# DVD writer and SATA types



## peterpan9988 (Feb 21, 2011)

Hi,

I have 2 computers. One has an old motherboard with sata 1,5. The other is a dell dimension 9150, with sata 3. In both cases they have an IDE dvd writer and in both cases the DVD writer needs to be replaced.

As it is too difficult and expensive to try and find a replacement IDE dvd writer, I was thinking of buying for each pc a sata dvd writer (the Lite-On IHAS 124-19) and connect it to an empty sata port with a new sata cable and a molex to sata power adapter.

My question: will that particular dvd writer and those cables work in the said PCs? In other words, I believe that the sata 1,5 / 3 / 6 data flow speed is restricted by the motherboards and not by the dvd writer or cables, so this particular dvd writer should work with any sata connector, is that right? And I can use any sata cable as well right? I am asking this because I have seen several shops sell sata II or sata III cables, but that really does not exist right?
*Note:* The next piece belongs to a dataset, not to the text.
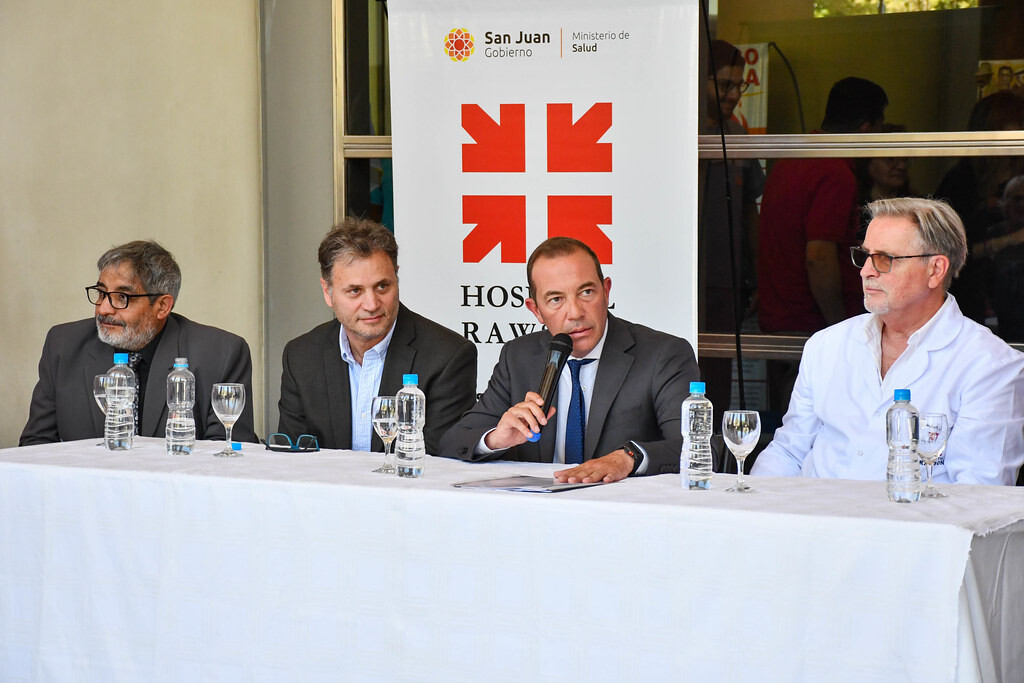 En el Día de la Sanidad el ministro de Salud, Amílcar Dobladez, anunció la continuación de la fase 5 de remodelación del Hospital Dr. Guillermo Rawson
I mean a sata cable is a sata cable and it fits on any and all sata connector right?

Thanks for helping!


----------



## Tyree (May 10, 2009)

If there is an open SATA port, you can use a SATA optical drive.
If your PSU does not have SATA power connectors, you will need to use the SATA to Molex adapter.


----------



## peterpan9988 (Feb 21, 2011)

Thank you for your answer, but it seems a bit standard and ambiguous.

My question was can a *new* type sata optical drive (advertized as a sata III optical drive) also be attached to an old motherboard with *old* sata connections (in this case sata I @ 1,5Gbit/s or sata II @ 3Gbit/s).

And if so, do I need a special sata *data* cable or are all sata data cables identical, even though some are clearly branded sata II or sata III, black or red? Because I cannot find sata I data cables, only sata I or sata III.


----------



## Tyree (May 10, 2009)

peterpan9988 said:


> My question was can a *new* type sata optical drive (advertized as a sata III optical drive) also be attached to an old motherboard with *old* sata connections (in this case sata I @ 1,5Gbit/s or sata II @ 3Gbit/s).


Yes



peterpan9988 said:


> And if so, do I need a special sata *data* cable or are all sata data cables identical, even though some are clearly branded sata II or sata III, black or red? Because I cannot find sata I data cables, only sata I or sata III.


Any SATA cable will work.


----------